Pulmonaler Hochdruck bedarf zwingend einer medizinischen Behandlung. Geschieht das nicht, können schwerwiegende Folgen die Konsequenz sein. Diese Erkrankung kann bei Nichtbehandlung sogar bis zum Tode eines Menschen führen. Pulmonaler Hochdruck kann mit den momentan zur Verfügung stehenden medizinischen Möglichkeiten nicht vollständig geheilt werden. Jedoch tragen verschiedene therapeutische –Ansätze dazu bei, die Krankheit in Schach zu halten. Ein pulmonaler Hochdruck kann beispielsweise mittels eines EKG diagnostiziert werden. Dies gilt aber nur für eine Erkrankung, die sich bereits in einem fortgeschrittenen Stadium befindet. Wenn pulmonaler Hochdruck erst am Anfang steht, ist es schwierig für den Arzt diesen rechtzeitig zu erkennen.

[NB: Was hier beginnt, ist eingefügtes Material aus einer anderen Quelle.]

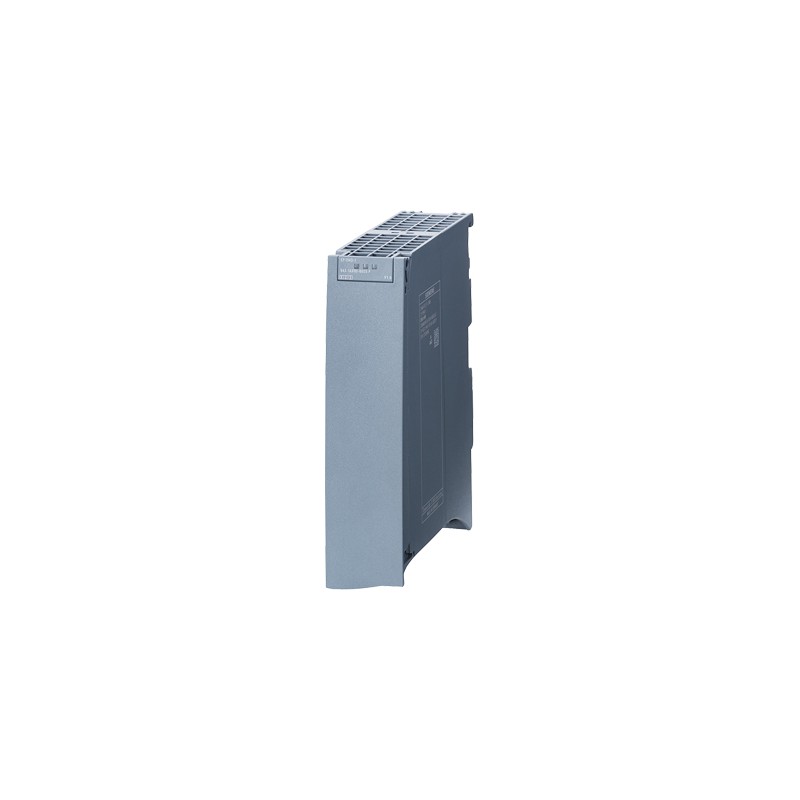 Siemens Siemens 6AG1543-1AX00-2XE0 – SIPLUS extreme ruggedized SIMATIC controller, I/O or communication module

Um pulmonalen Hochdruck zu bekämpfen, wird dem Körper in der Regel Sauerstoff zugeführt. Damit die Muskeln sich entspannen können, verabreichen die Ärzte auch Calciumpräparate. Die Medikamente, die zur Behandlung von pulmonalem Hochdruck eingesetzt werden, können für eine Linderung der Symptome stehen. Den Schwindelanfällen kann auf diese Weise ein Ende bereitet werden. Auch bei der Kurzatmigkeit treten Verbesserungen auf. Letztendlich kann die Verabreichung entsprechender Medikamente dazu führen, dass der betroffene Patient sich wieder vitaler fühlt. Alle Medikamente verfolgen wesentliche Aufgaben. Zum einen sollen verengte Blutgefäße entspannt werden. Die Bildung von Blutgerinnseln soll aufgehalten werden. Weiterhin soll die Medikation die Funktion der Lungengefäße verbessern. Die Einnahme der Medikamente erfolgt zwar intravenös, sie kann jedoch aber außerhalb eines Krankenhauses erfolgen. Erfahrungen zufolge bringen die angewandten Medikamente verschiedene Nebenwirkungen mit sich. Dazu zählen Kieferschmerzen, Übelkeit, Durchfall, Beinschmerzen und Infektionen, die bei der Eintrittsstelle der Nadel auftreten können.
Was die Ursachen für pulmonalen Hochdruck angeht, so tappen die Mediziner häufig im Dunkeln. Wenn keine Ursache diagnostiziert werden kann, spricht der Arzt von primärem pulmonalen Hochdruck. Von dieser Erkrankung sind häufig junge Menschen betroffen. Man geht davon aus, dass erbliche Erkrankungen der Auslöser sein können. Ebenso fanden Untersuchungen heraus, dass Frauen fast doppelt so oft an pulmonalem Hochdruck leiden wie Männer. Zu den erblichen Vorerkrankungen, die pulmonalen Hochdruck begünstigen zählen Immunkrankheiten, Lebererkrankungen, sowie die Einnahme von bestimmten Appetitzüglern. Wenn die Ursachen bekannt sind, wird vom sekundären pulmonalen Hochdruck gesprochen. Lungenerkrankungen sind häufig der Auslöser.